If you are just looking for an immediate hands-on experience, skip to Okay, I want to try the DistGit package out. How?. Everything else is an interesting background.
Almost everyone in the programming world knows Git. It’s an alpha and omega of Source Content Management in the Linux environment and most of the programmers there cannot live without it. Everything is being tracked and code is being distributed all around the world to be built upon by more and more well-defined units of human work called Git commits.
As opposed to that, nobody knows DistGit. Well…almost nobody. There are a few humanoids in Delta quadrant called “packagers” that collect all the work of the primarily application-focused programmers and make neat packages out of them that serve as a basis of any Linux operating system. These people create an operating system so they should not be taken lightly even though their work is probably less creative than of the people creating these cool Vims, Gimps, and Sims.

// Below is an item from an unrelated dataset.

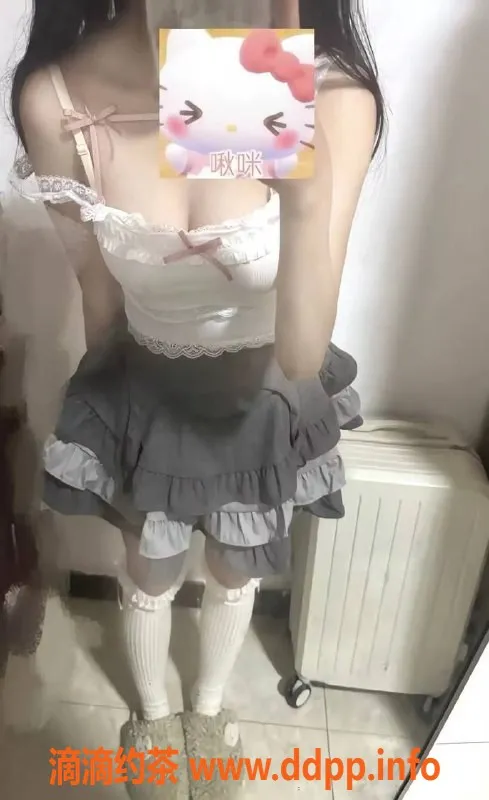 成都楼凤-高新区小泡芙，年轻可爱，胸挺臀翘，服务细腻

For those few humanoids and their work, Git is actually not the most suitable tool. Well…it is…but not without a few tweaks. And Git with those tweaks included is nothing else than DistGit.
Why not Git?
We have said that Git is not the weapon of choice for packagers but why exactly? Well, the reason is that a packager does not actually care all that much about the actual application sources (even though he needs to know them well in the end). What he cares most about are meta-data about the package such as build or run-time dependencies on other packages or installation steps that make it possible for the package to be installed and actually used by the end user.

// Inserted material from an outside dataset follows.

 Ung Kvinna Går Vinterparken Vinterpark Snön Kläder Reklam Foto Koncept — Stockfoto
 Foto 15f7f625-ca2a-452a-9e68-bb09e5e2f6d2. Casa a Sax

Therefore, in a package, sources are usually packed into a nice little (or huge) tarball with a file next to it called .spec file containing all those additional package information that are needed for a package to be a useful piece of the target Linux distribution. Note that here we are talking about so-called “source packages” and not about “binary packages” that are created from the source packages by a building process.
So why not Git on its own? It’s just because the tarballs (containing the source files) are not suitable to be tracked for content changes. They are binary and any small change in the original source might cause huge (and binary) changes in the resulting tarball. Packagers are interested in the .spec files and other optional files called “downstream patches”, which are all in human-readable text and, hence, their diffs against their older version are comprehensible and useful.
So what to do with that (big) dirty binary blob that cannot be put into our tiny, neat package Git repo…that’s where DistGit comes in!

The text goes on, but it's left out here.